(Short descriptive text snippets)

========

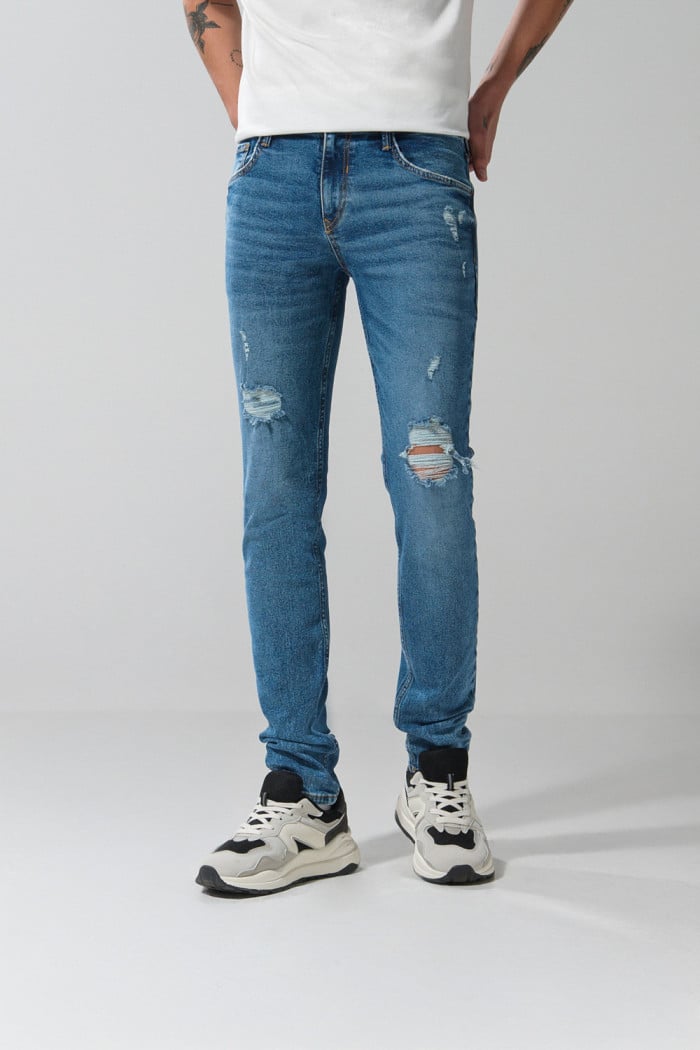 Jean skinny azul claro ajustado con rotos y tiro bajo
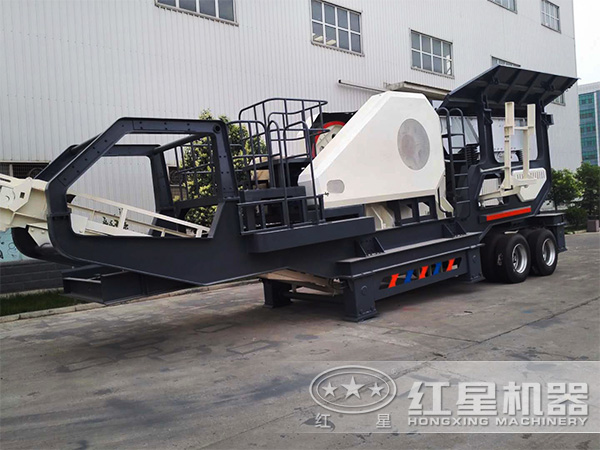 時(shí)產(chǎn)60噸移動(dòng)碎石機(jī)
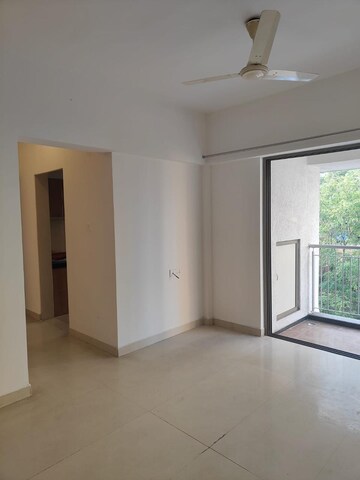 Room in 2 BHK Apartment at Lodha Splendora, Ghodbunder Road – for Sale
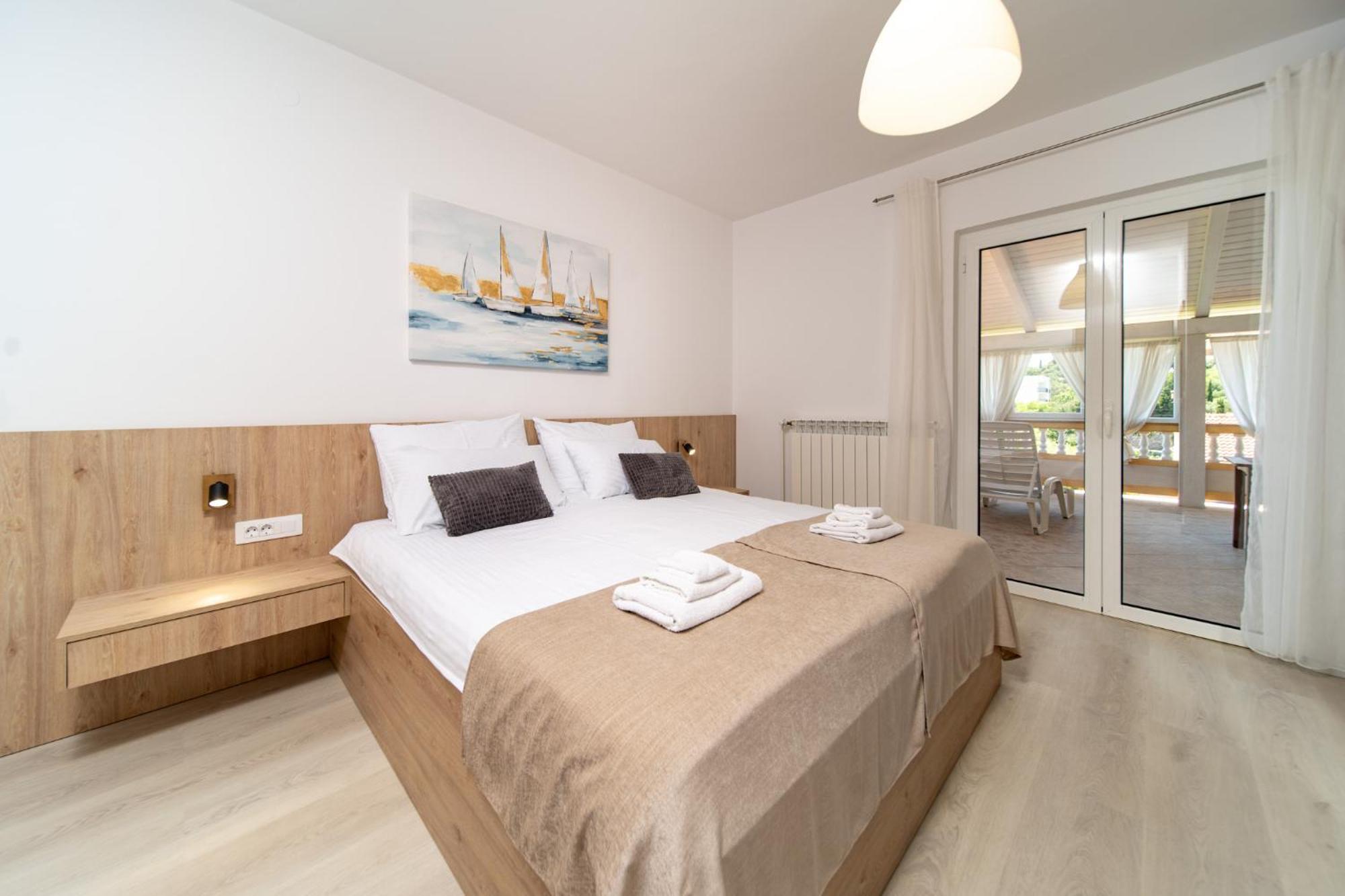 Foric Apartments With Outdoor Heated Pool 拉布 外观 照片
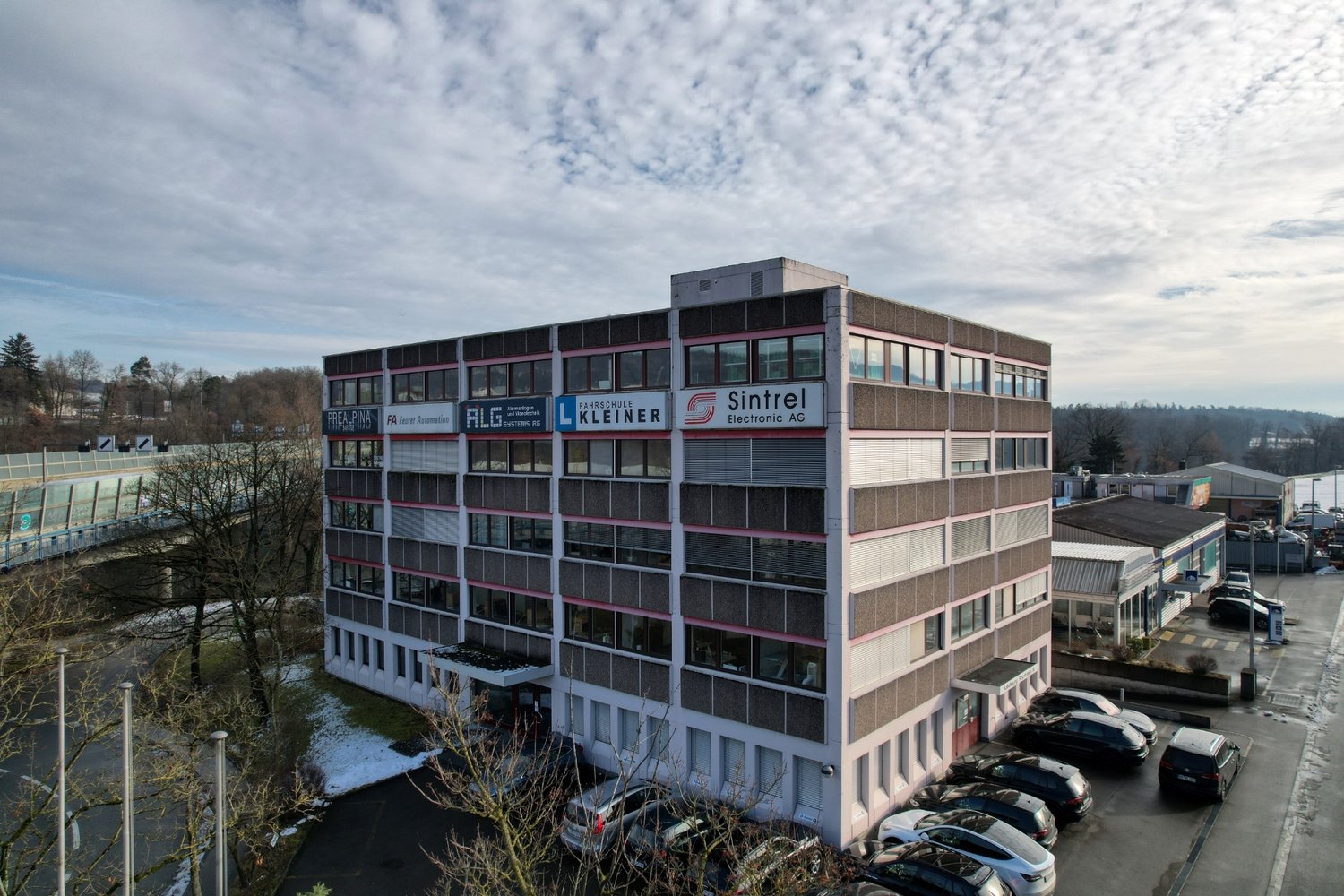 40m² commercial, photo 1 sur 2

========

### TASK DETAILS:
No pictures belong in the copy. Retype exactly, and only, the lines from the line containing "Foric Apartments With" through the last line of the data, both included.

### RESULT OF THE TASK:
 Foric Apartments With Outdoor Heated Pool 拉布 外观 照片
 40m² commercial, photo 1 sur 2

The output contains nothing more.